* **The problem**:
Every entry below should be returned exactly as it appears, with pictures left out.

━━ Listed entries

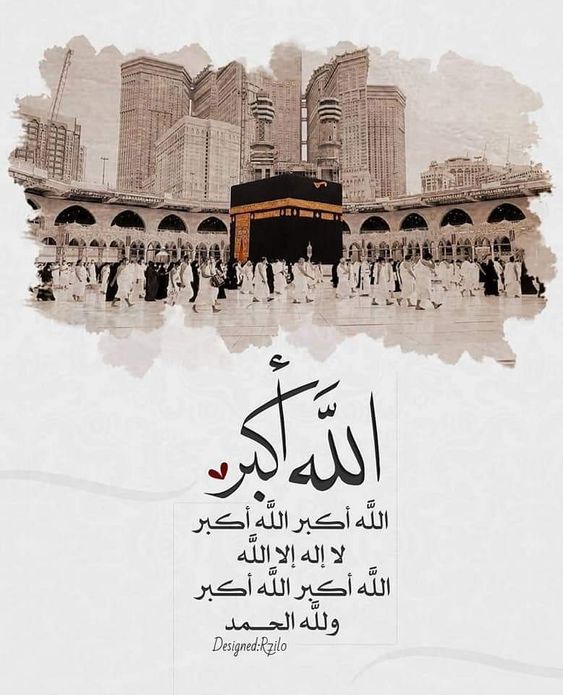 حالات واتس آب تهنئة عيد الأضحى 2024 7
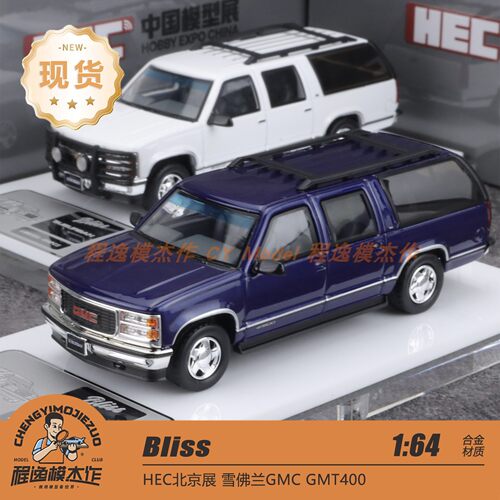 [北京HEC] BLISS 1:64 GMC萨博班红蓝 雪佛兰萨博班白色 合金车模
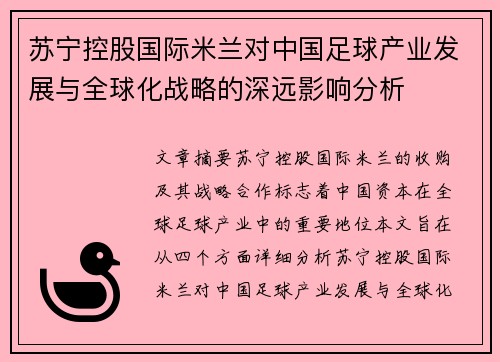 苏宁控股国际米兰对中国足球产业发展与全球化战略的深远影响分析 苏宁控股国际米兰对中国足球产业发展与全球化战略的深远影响分析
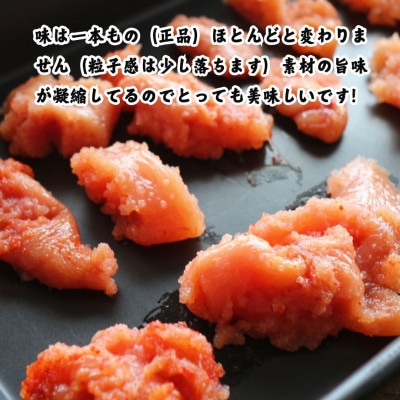 「博多まるきた」無着色辛子明太子1kg 並切れ(須恵町)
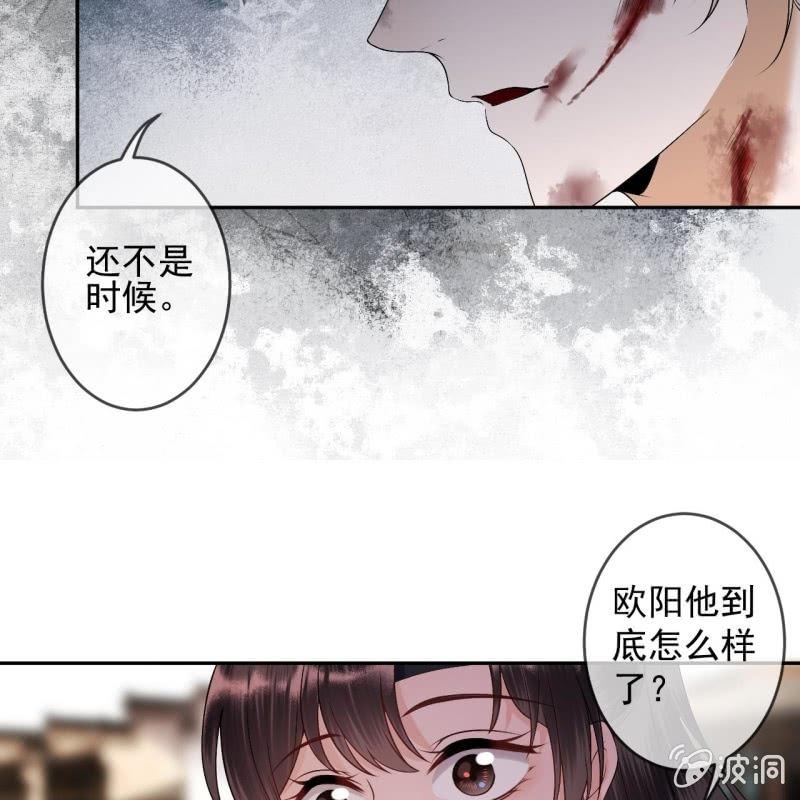 第175话 事有蹊跷(1/2)-第176话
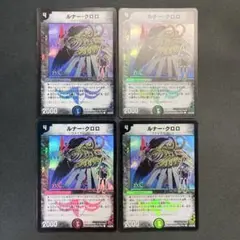 29346 ルナー・クロロ ルナークロロ 4枚セット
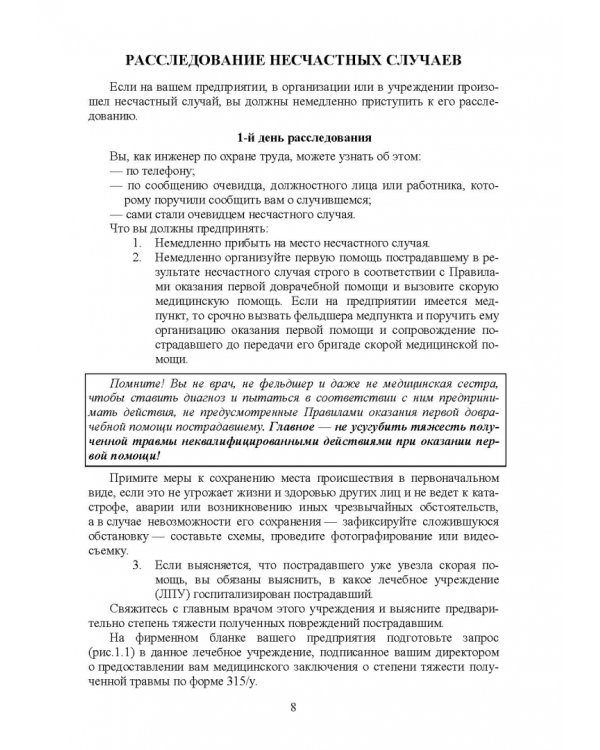 Практическое руководство инженера по охране труда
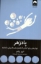 تصویر  پادزهر (رقعی-شمیز)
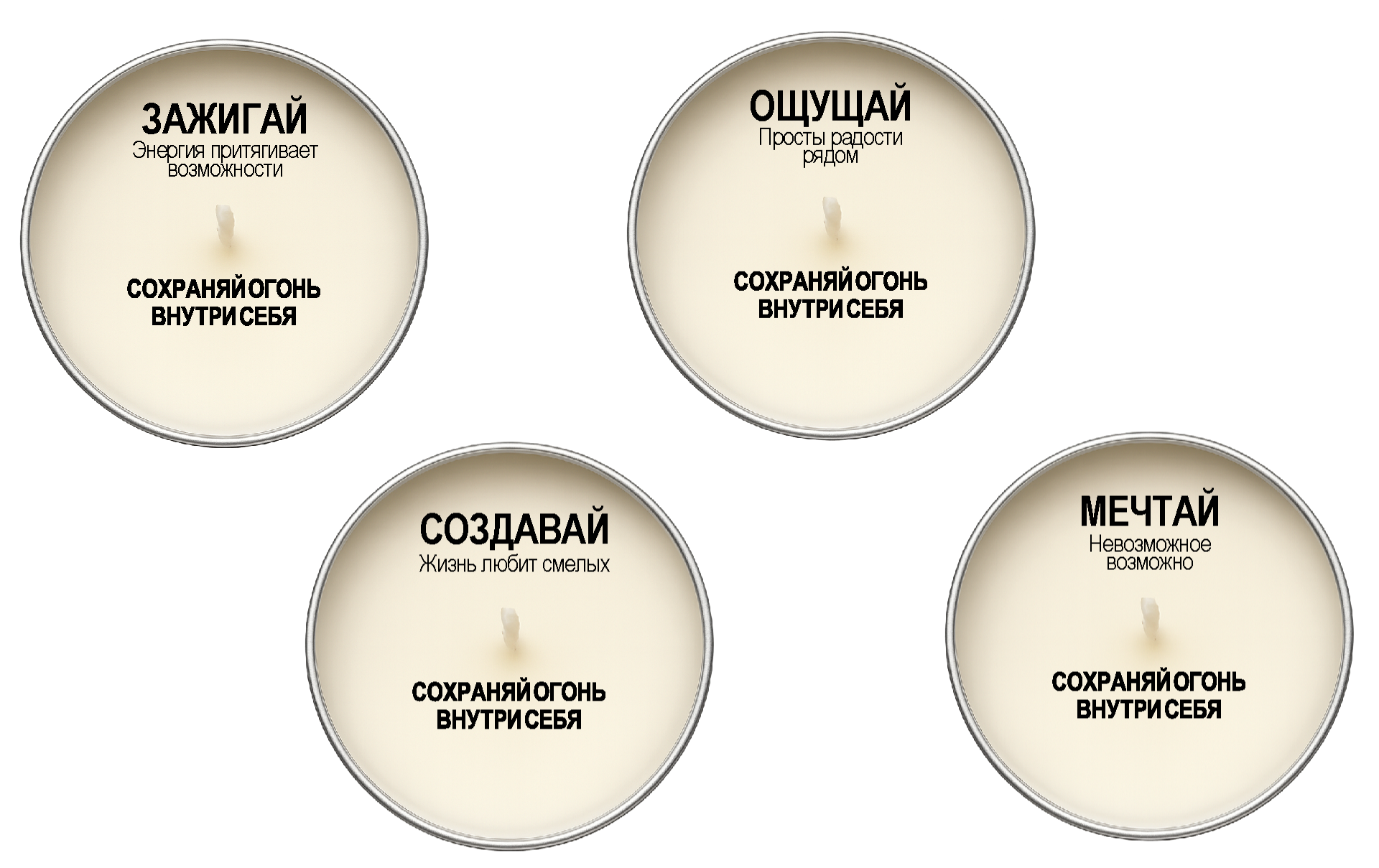 Mystery - box — Изображение №21 — Брендинг на Dprofile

━━━━

* **Response**:
 حالات واتس آب تهنئة عيد الأضحى 2024 7
 [北京HEC] BLISS 1:64 GMC萨博班红蓝 雪佛兰萨博班白色 合金车模
 苏宁控股国际米兰对中国足球产业发展与全球化战略的深远影响分析 苏宁控股国际米兰对中国足球产业发展与全球化战略的深远影响分析
 「博多まるきた」無着色辛子明太子1kg 並切れ(須恵町)
 第175话 事有蹊跷(1/2)-第176话
 29346 ルナー・クロロ ルナークロロ 4枚セット
 Практическое руководство инженера по охране труда
 تصویر  پادزهر (رقعی-شمیز)
 Mystery - box — Изображение №21 — Брендинг на Dprofile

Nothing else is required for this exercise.